### EXERCISE
Among the lines below, the one containing "CHERRY LEAF boho" opens the range and the one containing "Revue WWE2K24 : LA" closes it. Print that range exactly, without the pictures.

### EXERCISE INPUT
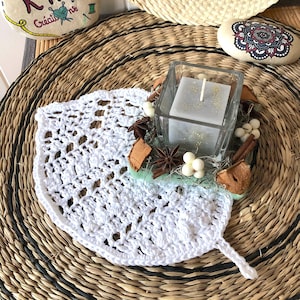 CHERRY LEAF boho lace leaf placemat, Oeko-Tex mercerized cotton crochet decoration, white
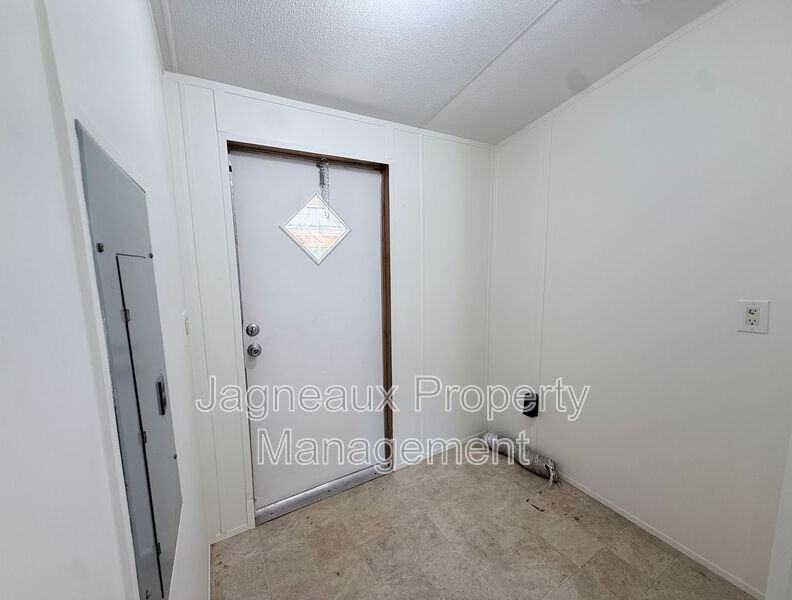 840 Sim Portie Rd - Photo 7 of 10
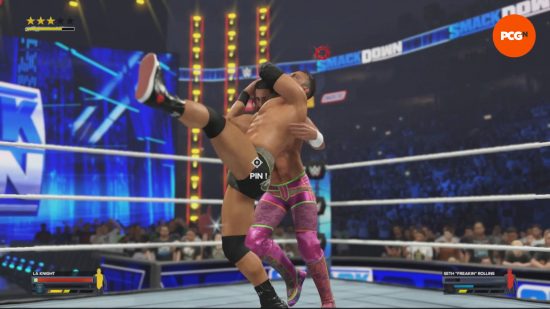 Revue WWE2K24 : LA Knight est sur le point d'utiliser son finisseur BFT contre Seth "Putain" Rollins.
==
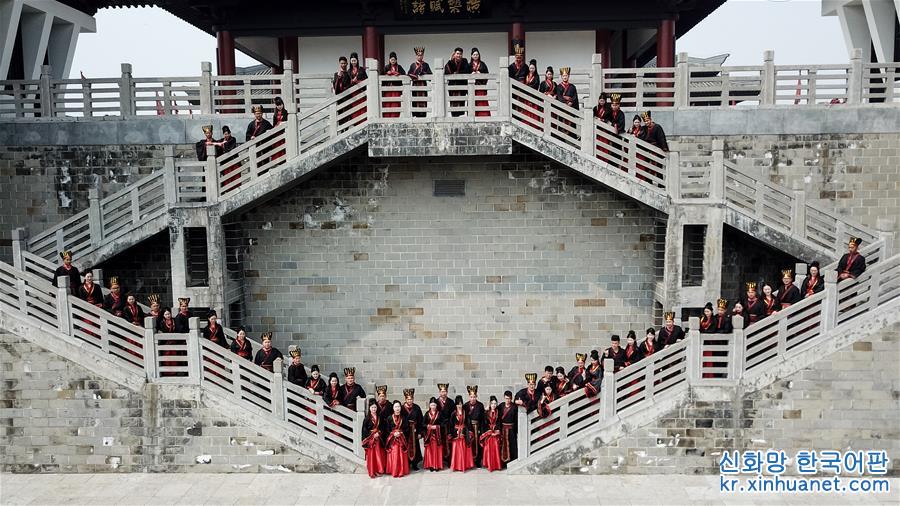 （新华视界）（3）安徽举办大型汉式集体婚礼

### EXERCISE SOLUTION
 CHERRY LEAF boho lace leaf placemat, Oeko-Tex mercerized cotton crochet decoration, white
 840 Sim Portie Rd - Photo 7 of 10
 Revue WWE2K24 : LA Knight est sur le point d'utiliser son finisseur BFT contre Seth "Putain" Rollins.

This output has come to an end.